This is a post about the basic mathematics needed to follow through category theory. When I say basic math I don't mean elementary math, mind you.

Rather, think about it as fundamental mathematical concepts that we will need as building blocks for our further discussions.

I also have a secondary goal with this introduction. To ask you to try out mathematical thinking. Hopefully, by following the examples you'll get a taste of that!

Here's the first bit: try to approach each concept isolated by itself, in the abstract. It is very tempting to try to understand a concept by recurring to an analogy of what you already know. And while that's helpful, it also makes you run the risk of defaulting to just one singular mental model of the abstract idea.

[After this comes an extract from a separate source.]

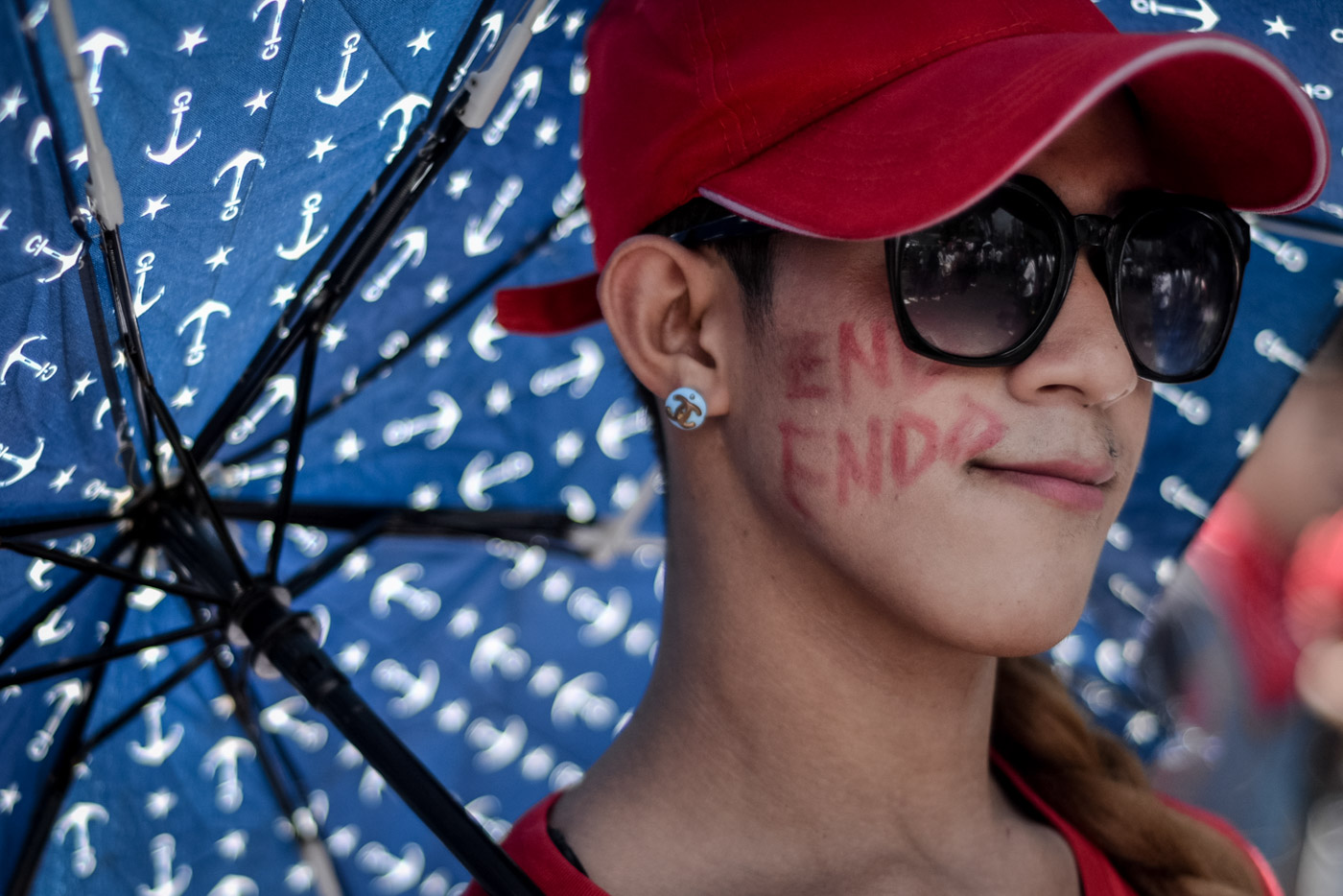 THE MESSAGE. Ash Mercado, 20, shows off her face paint, which reads, "End Endo," at the Labor Day rally in Mendiola, Manila, on Tuesday, May 1, 2018. Photo by Eloisa Lopez/Rappler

But mathematical thinking needs you to force yourself to try and see the same abstract concept in many different places. So anchoring a concept to a particular example is counterproductive.

I know that considering things in the abstract is uncomfortable, at first. But it gets easier. And is a really good habit. It helps you be more creative overall. Even outside of math.

In this essay I will approach two common mathematical ideas, you probably are familiar with from computer science. But I will offer an abstract treatment of them. So I will ask you to avoid defaulting too much to familiar analogies.

I honestly believe that going through the effort is worth it.


You probably think of a set as a "box" or a collection of elements. But if you ask a Set Theorist what is a set? The most mathematically sound answer they may give you is just to scream in horror.

Mathematicians kinda avoid the question of answering what is a set. Instead, saying that a set is a thing to which some axioms we all agree should be true enough apply. That is, in as much as they want to do rigorous math with sets.

The word "set" is a primitive. It means nothing at all, other than the thing the axioms of set theory apply to.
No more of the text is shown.